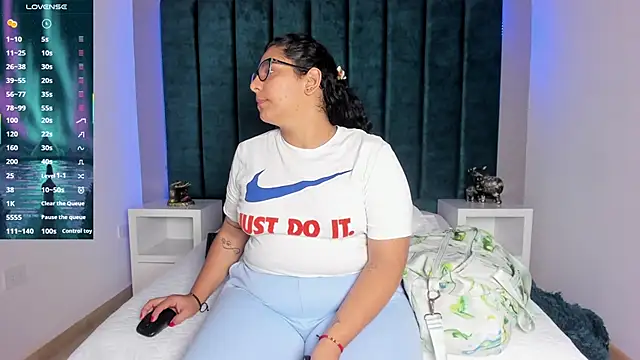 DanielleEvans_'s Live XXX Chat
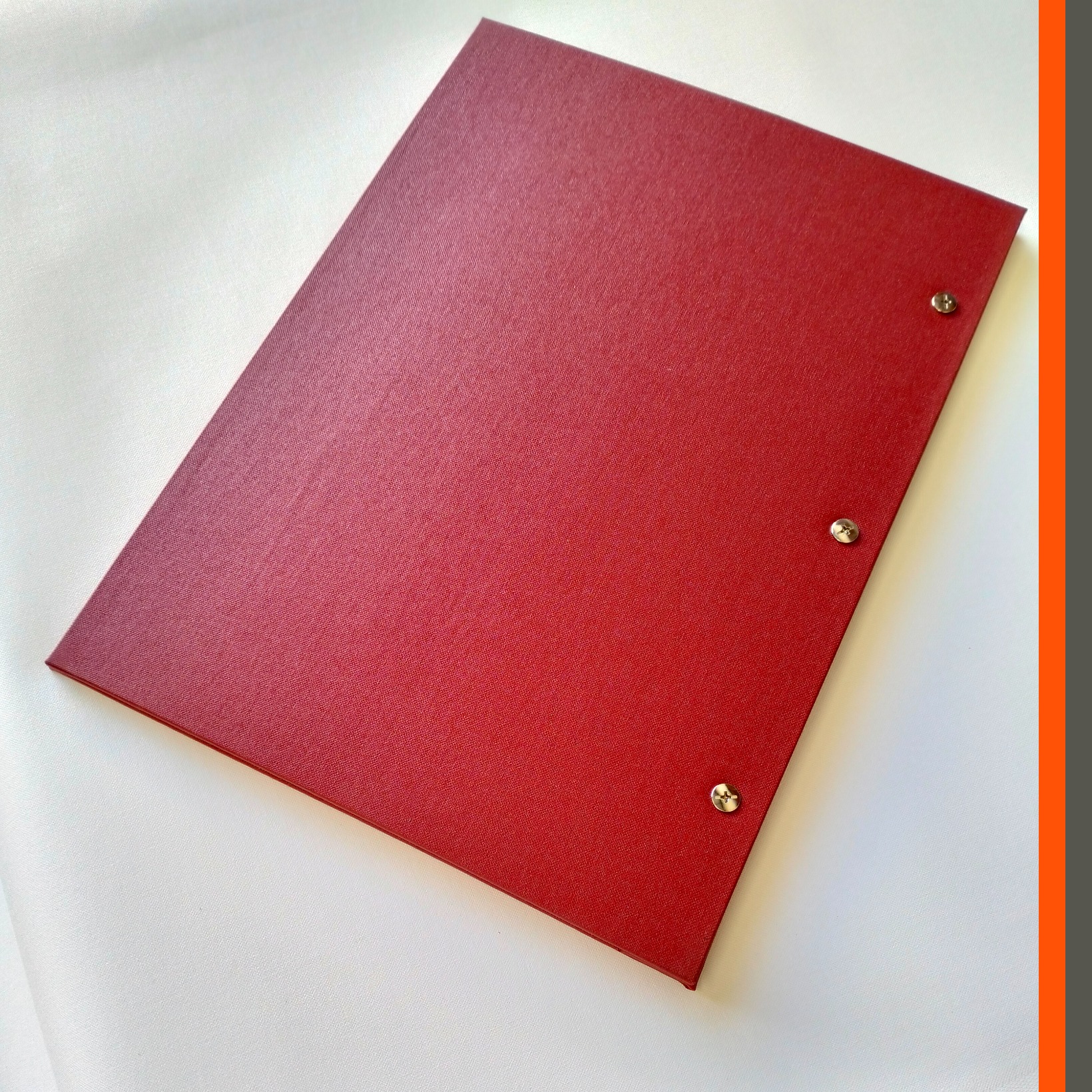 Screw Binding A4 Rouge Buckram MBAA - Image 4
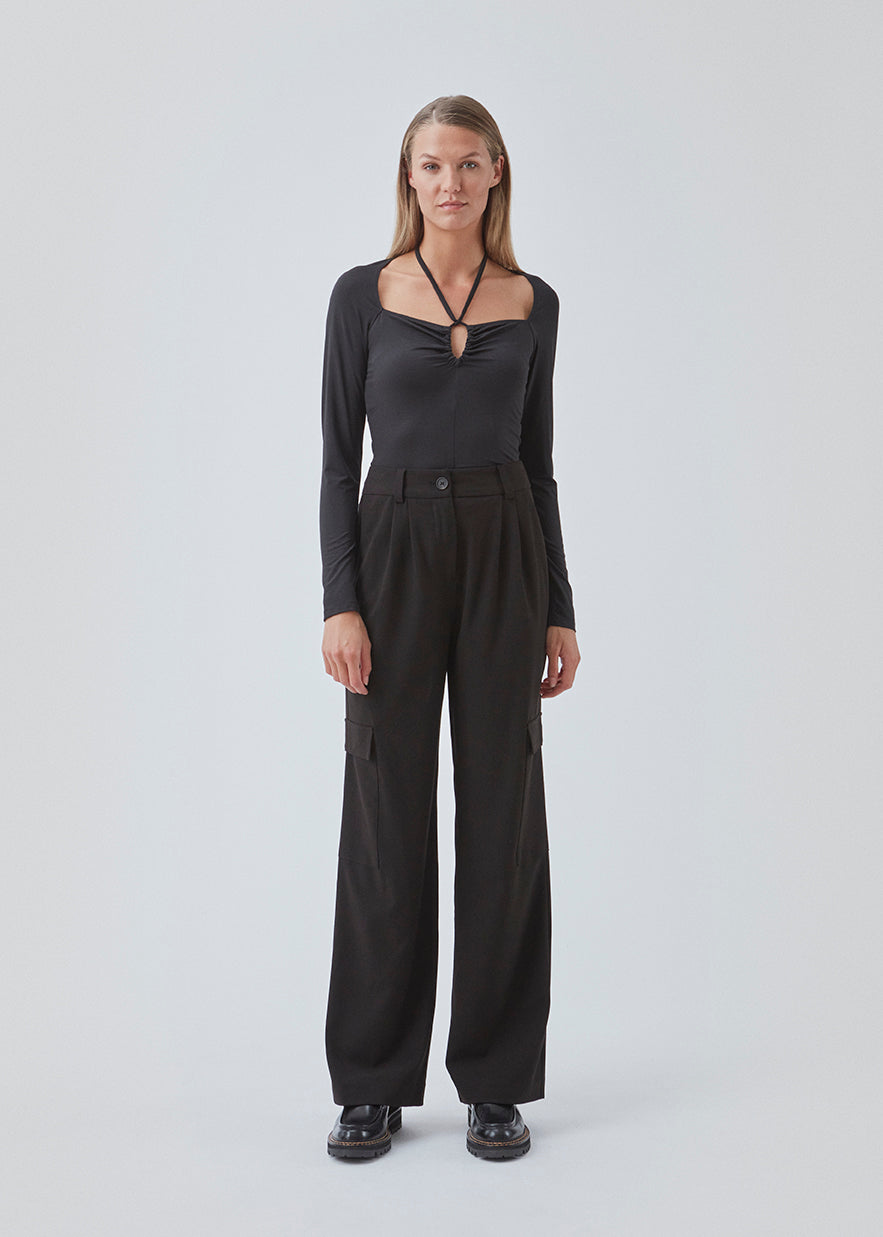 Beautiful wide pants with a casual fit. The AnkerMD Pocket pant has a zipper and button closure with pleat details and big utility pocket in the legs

==

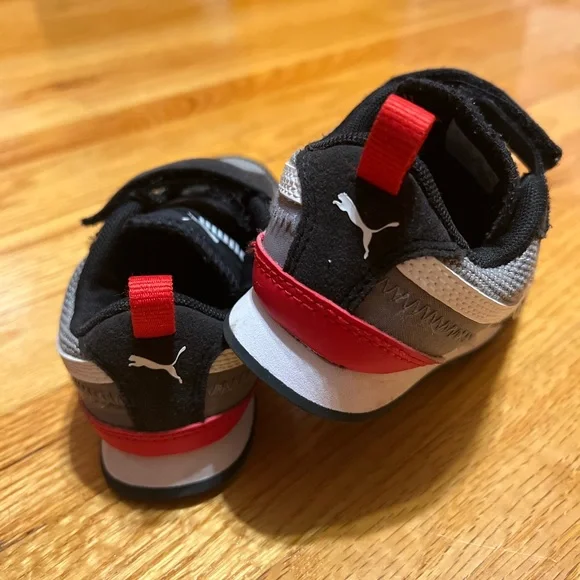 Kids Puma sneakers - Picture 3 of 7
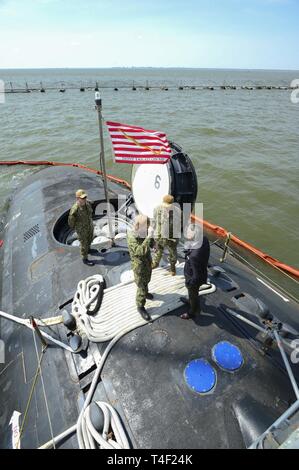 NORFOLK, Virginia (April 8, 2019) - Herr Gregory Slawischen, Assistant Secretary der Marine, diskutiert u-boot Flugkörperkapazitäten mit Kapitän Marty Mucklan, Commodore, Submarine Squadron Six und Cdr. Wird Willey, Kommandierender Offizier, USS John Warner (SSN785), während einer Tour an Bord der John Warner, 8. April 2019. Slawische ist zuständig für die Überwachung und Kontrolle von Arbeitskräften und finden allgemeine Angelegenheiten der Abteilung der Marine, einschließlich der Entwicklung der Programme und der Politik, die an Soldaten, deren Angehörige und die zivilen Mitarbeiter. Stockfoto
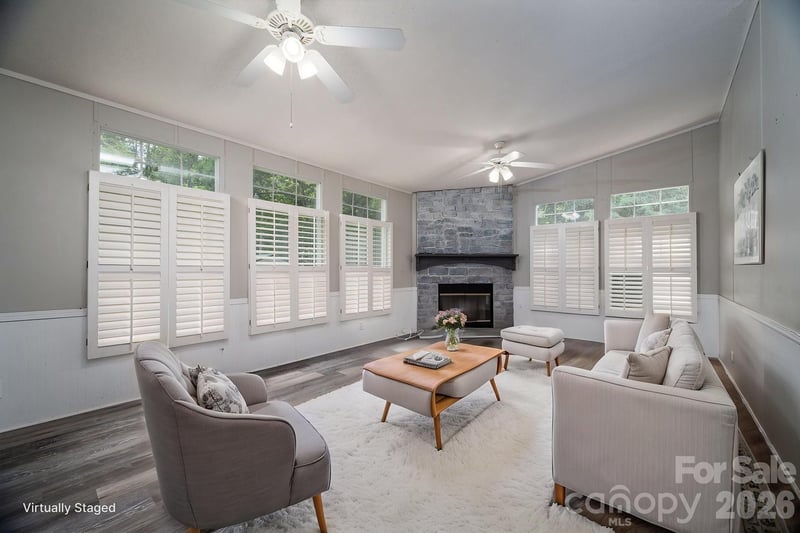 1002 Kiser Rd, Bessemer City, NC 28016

* * *

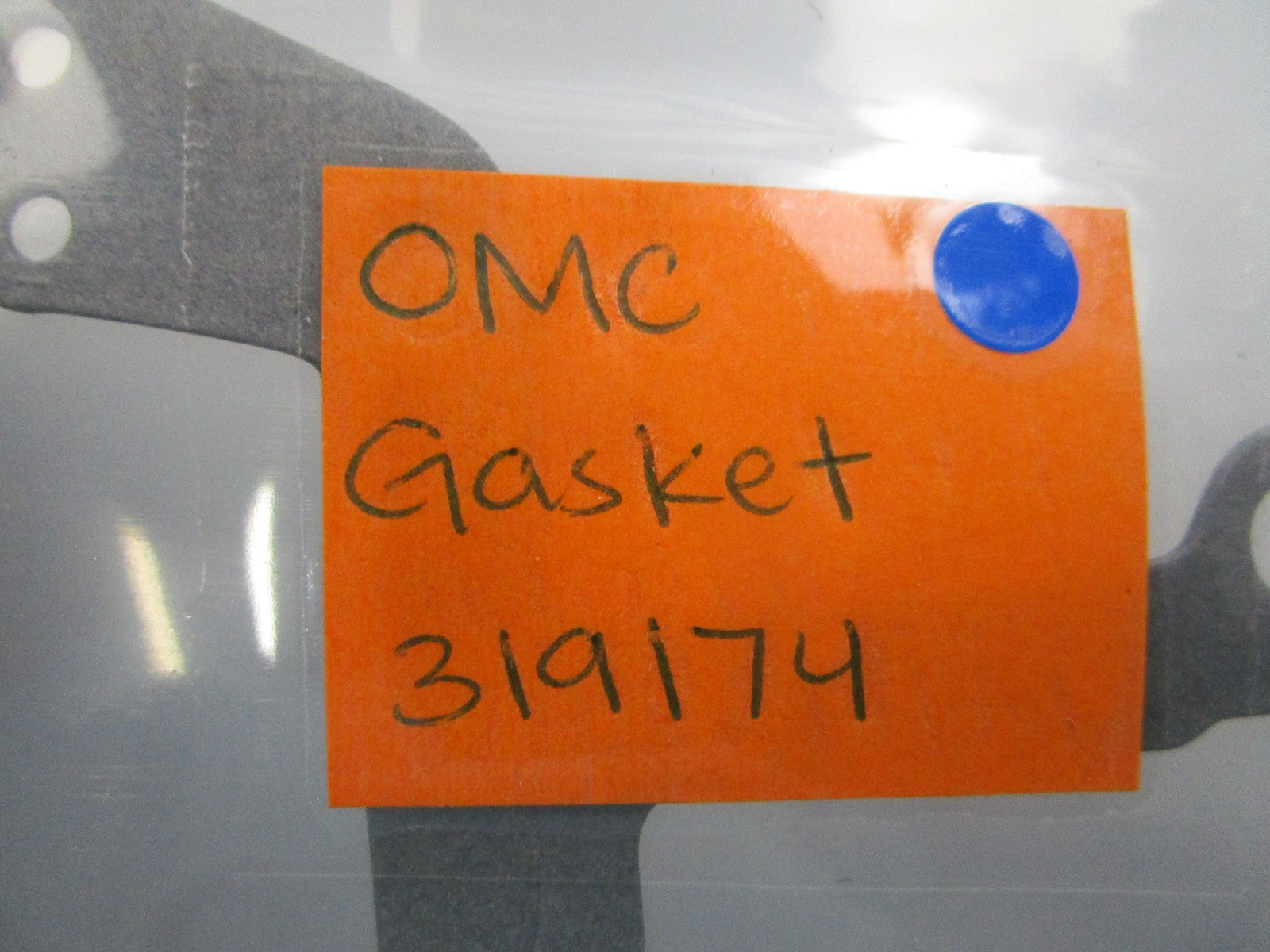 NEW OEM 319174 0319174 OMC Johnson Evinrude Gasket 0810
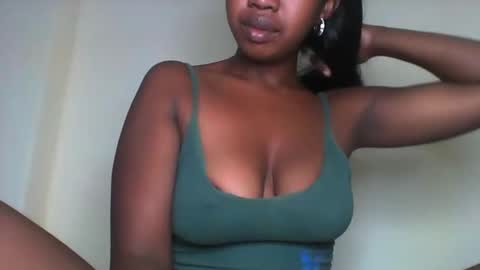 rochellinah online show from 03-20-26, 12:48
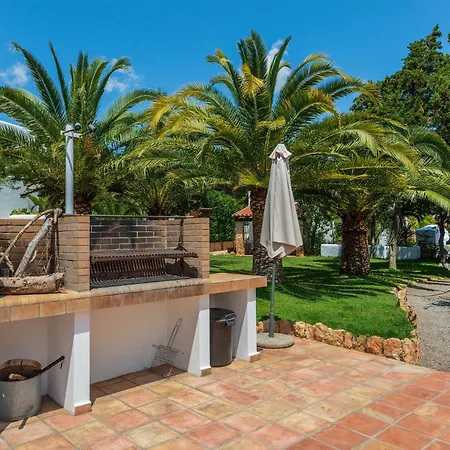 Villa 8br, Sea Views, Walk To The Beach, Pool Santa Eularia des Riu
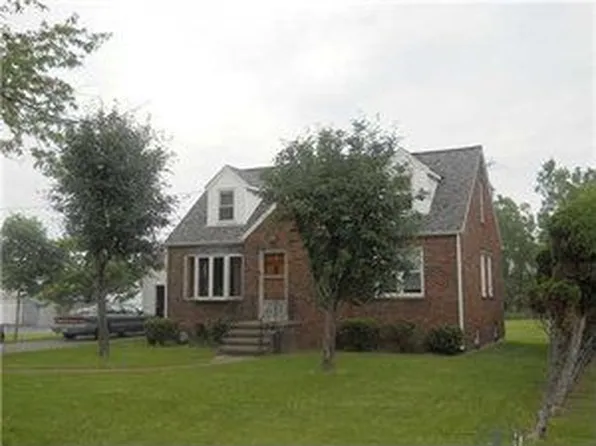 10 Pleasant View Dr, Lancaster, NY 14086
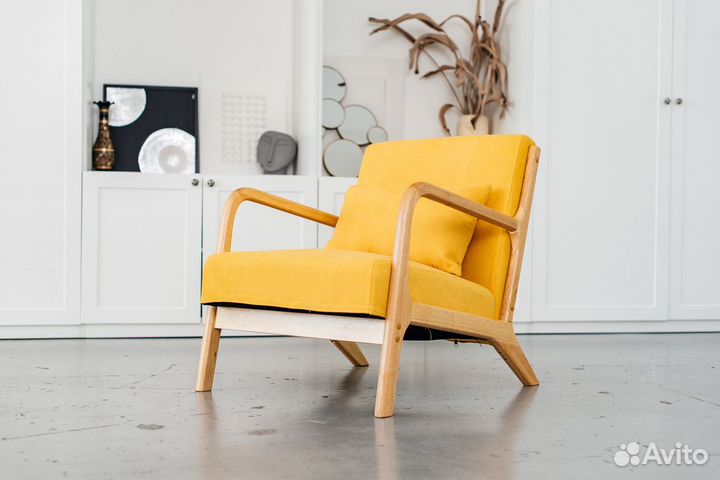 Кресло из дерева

◆ Task directions
Within the material above, only the stretch from the line holding "Villa 8br, Sea" through the line holding "Кресло из дерева" is to be restated exactly. Pictures are dropped.

◆ Answer to the problem
 Villa 8br, Sea Views, Walk To The Beach, Pool Santa Eularia des Riu
 10 Pleasant View Dr, Lancaster, NY 14086
 Кресло из дерева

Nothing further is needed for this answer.